Prince George’s County Executive Rushern L. Baker III (D), during an appearance in Annapolis on Friday, urged state lawmakers from his jurisdiction to “keep an open mind” about hosting a gambling site.

Prince George's County Executive Rushern L. Baker III during an appearance in Annapolis last year. (By Mark Gail/The Washington Post)

Baker, during a briefing to the Prince George’s House delegation on his administration’s priorities, said he has yet to see a bill spelling out how much revenue the county could reap from a gambling site.

“I need to see what those revenues look like,” Baker said.

Both the state and hosting counties retain a share of slots proceeds under existing law.

Prince George’s lawmakers strongly opposed hosting a venue when lawmakers crafted Maryland’s program in 2007. Some — but certainly not all — are rethinking their positions as budget challenges continue.

Senate President Thomas V. Mike Miller Jr. (D-Calvert) is working on a bill that would allow table games at Maryland’s five previously approved slots sites and authorize a sixth gambling site in Prince George’s.

That prospect faces opposition from existing slots operators in other counties, who could lose a share of their markets, as well as from a vocal group of Prince George’s ministers.

Del.
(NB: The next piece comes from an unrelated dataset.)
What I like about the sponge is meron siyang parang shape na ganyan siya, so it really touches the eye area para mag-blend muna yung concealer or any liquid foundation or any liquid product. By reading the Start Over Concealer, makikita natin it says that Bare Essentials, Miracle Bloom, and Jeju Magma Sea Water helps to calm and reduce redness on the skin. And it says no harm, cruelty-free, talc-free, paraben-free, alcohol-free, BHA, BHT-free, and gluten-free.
Jolene Ivey (D-Prince George’s) quizzed Baker about how legalized gambling could affect the county’s image.

“I’m just a little bit concerned about how slots would affect the brand of Prince George’s County,” Ivey said.
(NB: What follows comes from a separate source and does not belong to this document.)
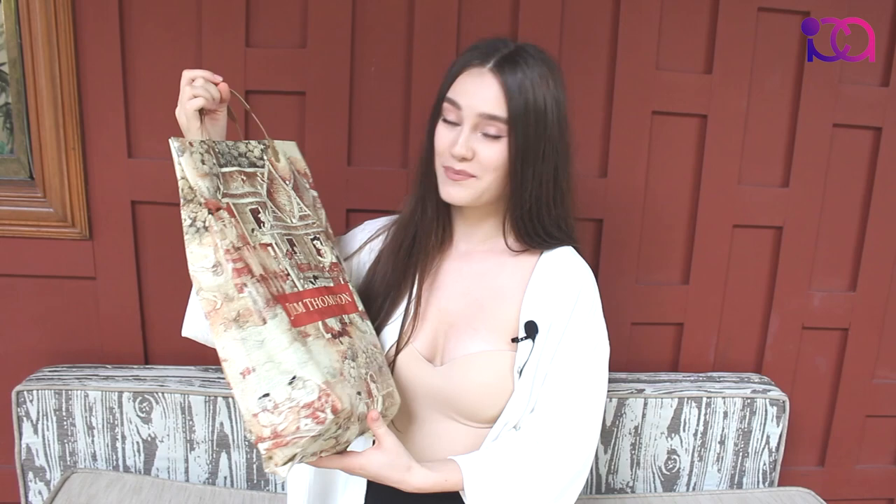I had an absolutely wonderful day at Jim Thompson House. I definitely recommend you come and visit as a foreigner to get the real taste of Thailand and enjoy the beauty of Thai silk. Subscribe to this channel, put a like, and I will see you in the next video. Thank you.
Baker noted that gambling is already taking place at Rosecroft and suggested that a casino would not be a problem in that regard.
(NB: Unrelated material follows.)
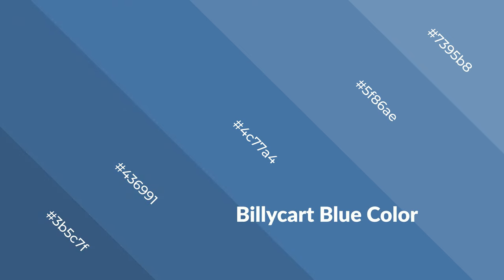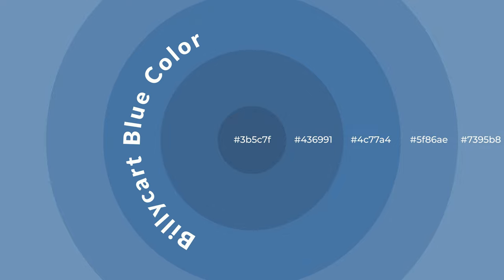Cool colors are like water, ice, sky, grass, soft and snow. You can see them used in baby products.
“I don’t think that bothers the county one way or another,” Baker said.

Baker also downplayed concerns about the prospect of gaming at National Harbor, another possible site that has resurfaced in recent weeks.

While no one from National Harbor has approached him about that idea, Baker said it is “an entertainment venue already” so he sees limited impact in adding gaming to that massive development on the Potomac.